--- What needs to be done ---
Look for "Best Certified Mold" in the listing below, then copy exactly the line it appears in and all lines after it to the end, and nothing more.
━━━━━━━━━━━━━━━━━━━━
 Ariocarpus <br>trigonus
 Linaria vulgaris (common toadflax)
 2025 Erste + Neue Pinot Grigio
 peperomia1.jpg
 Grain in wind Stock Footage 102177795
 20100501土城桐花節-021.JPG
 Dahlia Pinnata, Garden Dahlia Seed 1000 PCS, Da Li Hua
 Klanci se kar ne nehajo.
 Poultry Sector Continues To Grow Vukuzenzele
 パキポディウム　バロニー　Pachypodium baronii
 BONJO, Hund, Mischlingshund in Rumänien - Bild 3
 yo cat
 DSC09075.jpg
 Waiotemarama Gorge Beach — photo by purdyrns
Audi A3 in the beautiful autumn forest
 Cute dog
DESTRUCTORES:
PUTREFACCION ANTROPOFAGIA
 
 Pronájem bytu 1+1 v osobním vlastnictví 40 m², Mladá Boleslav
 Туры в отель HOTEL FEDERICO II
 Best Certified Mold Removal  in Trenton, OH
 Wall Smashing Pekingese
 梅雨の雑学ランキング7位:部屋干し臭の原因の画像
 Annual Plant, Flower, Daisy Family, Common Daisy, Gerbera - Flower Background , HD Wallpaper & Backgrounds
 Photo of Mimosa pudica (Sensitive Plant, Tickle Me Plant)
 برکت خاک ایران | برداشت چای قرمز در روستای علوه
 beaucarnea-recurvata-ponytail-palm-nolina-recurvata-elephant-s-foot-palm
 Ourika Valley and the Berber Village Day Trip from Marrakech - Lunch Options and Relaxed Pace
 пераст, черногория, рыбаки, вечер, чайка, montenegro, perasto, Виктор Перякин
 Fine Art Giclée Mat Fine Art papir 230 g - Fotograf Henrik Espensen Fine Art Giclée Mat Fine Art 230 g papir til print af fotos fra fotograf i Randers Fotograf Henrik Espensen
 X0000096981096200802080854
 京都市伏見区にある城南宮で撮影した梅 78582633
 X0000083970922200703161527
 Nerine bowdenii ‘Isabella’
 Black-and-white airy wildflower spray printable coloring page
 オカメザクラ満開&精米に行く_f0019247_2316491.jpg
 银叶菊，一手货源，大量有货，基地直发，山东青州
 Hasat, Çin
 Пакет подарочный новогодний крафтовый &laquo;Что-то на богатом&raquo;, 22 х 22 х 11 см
━━━━━━━━━━━━━━━━━━━━
--- Completed task ---
 Best Certified Mold Removal  in Trenton, OH
 Wall Smashing Pekingese
 梅雨の雑学ランキング7位:部屋干し臭の原因の画像
 Annual Plant, Flower, Daisy Family, Common Daisy, Gerbera - Flower Background , HD Wallpaper & Backgrounds
 Photo of Mimosa pudica (Sensitive Plant, Tickle Me Plant)
 برکت خاک ایران | برداشت چای قرمز در روستای علوه
 beaucarnea-recurvata-ponytail-palm-nolina-recurvata-elephant-s-foot-palm
 Ourika Valley and the Berber Village Day Trip from Marrakech - Lunch Options and Relaxed Pace
 пераст, черногория, рыбаки, вечер, чайка, montenegro, perasto, Виктор Перякин
 Fine Art Giclée Mat Fine Art papir 230 g - Fotograf Henrik Espensen Fine Art Giclée Mat Fine Art 230 g papir til print af fotos fra fotograf i Randers Fotograf Henrik Espensen
 X0000096981096200802080854
 京都市伏見区にある城南宮で撮影した梅 78582633
 X0000083970922200703161527
 Nerine bowdenii ‘Isabella’
 Black-and-white airy wildflower spray printable coloring page
 オカメザクラ満開&精米に行く_f0019247_2316491.jpg
 银叶菊，一手货源，大量有货，基地直发，山东青州
 Hasat, Çin
 Пакет подарочный новогодний крафтовый &laquo;Что-то на богатом&raquo;, 22 х 22 х 11 см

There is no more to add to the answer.